:: Material provided ::
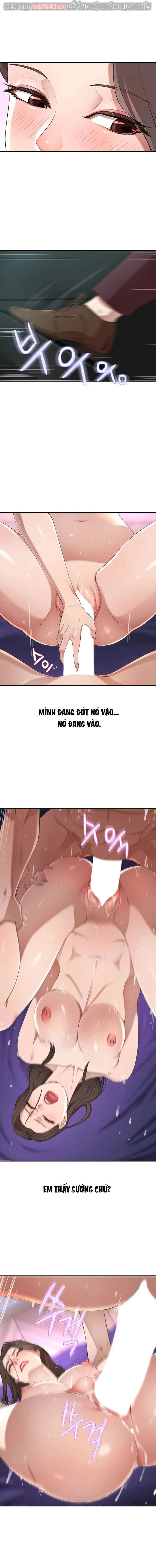 phu-ba-chap-2-18 integer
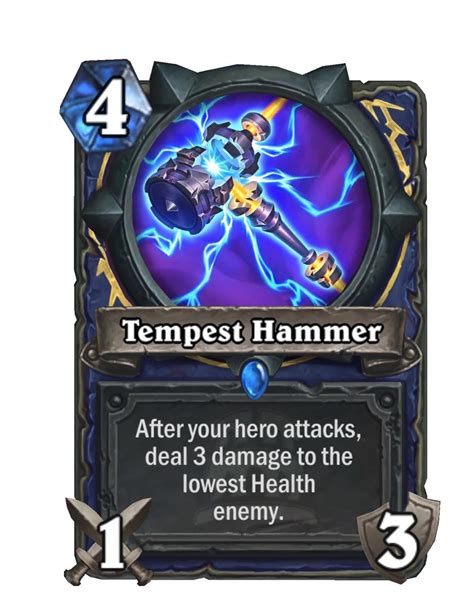 Toradh íomhá ar Ytr Duel Class Setup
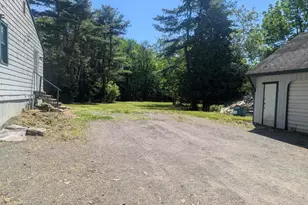537 Millvale Rd, Bucksport, ME 04416 - Photo 36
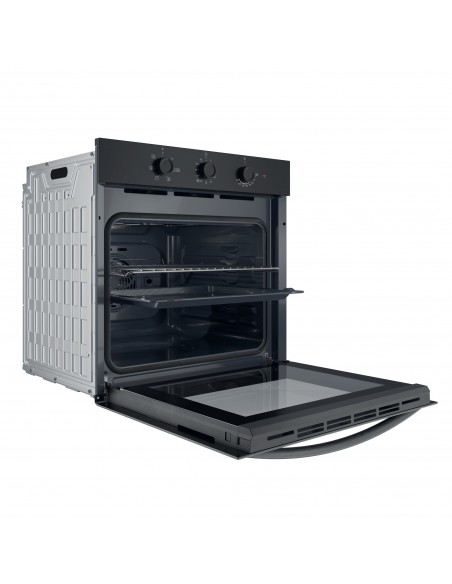 forno-66lt-multi6-a-nero-3.jpg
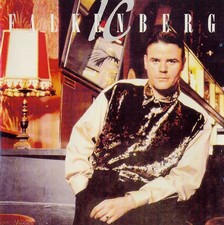 IC Falkenberg Magnif Vinyl LP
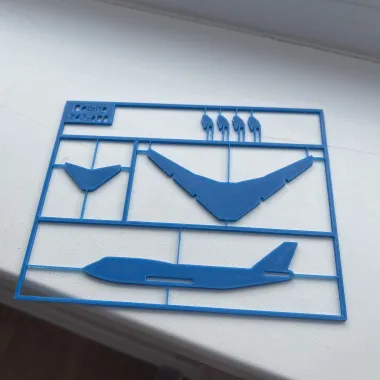 PLANE-0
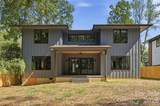 1433 Sharon Amity Road - Photo 39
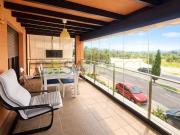 Piso en alquiler en Motril, Granada Costa Tropical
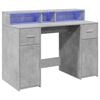 Product Thumbnail Image 5 of 14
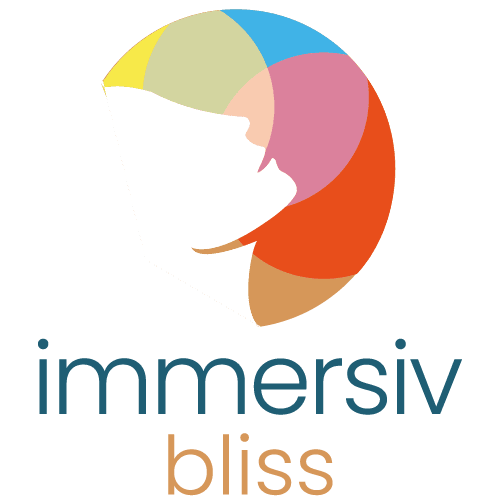 Immersiv Bliss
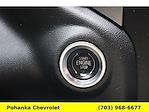 2021 Chevrolet Silverado 1500 Crew Cab 4WD Pickup for sale #TSC140122A - photo 14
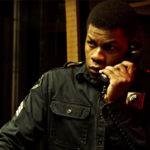 Detroit: Movie Review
:::
What is being asked:
An exact copy of the entries above is needed, with the pictures removed.

Answer to this problem:
 phu-ba-chap-2-18 integer
 Toradh íomhá ar Ytr Duel Class Setup
537 Millvale Rd, Bucksport, ME 04416 - Photo 36
 forno-66lt-multi6-a-nero-3.jpg
 IC Falkenberg Magnif Vinyl LP
 PLANE-0
 1433 Sharon Amity Road - Photo 39
 Piso en alquiler en Motril, Granada Costa Tropical
 Product Thumbnail Image 5 of 14
 Immersiv Bliss
 2021 Chevrolet Silverado 1500 Crew Cab 4WD Pickup for sale #TSC140122A - photo 14
 Detroit: Movie Review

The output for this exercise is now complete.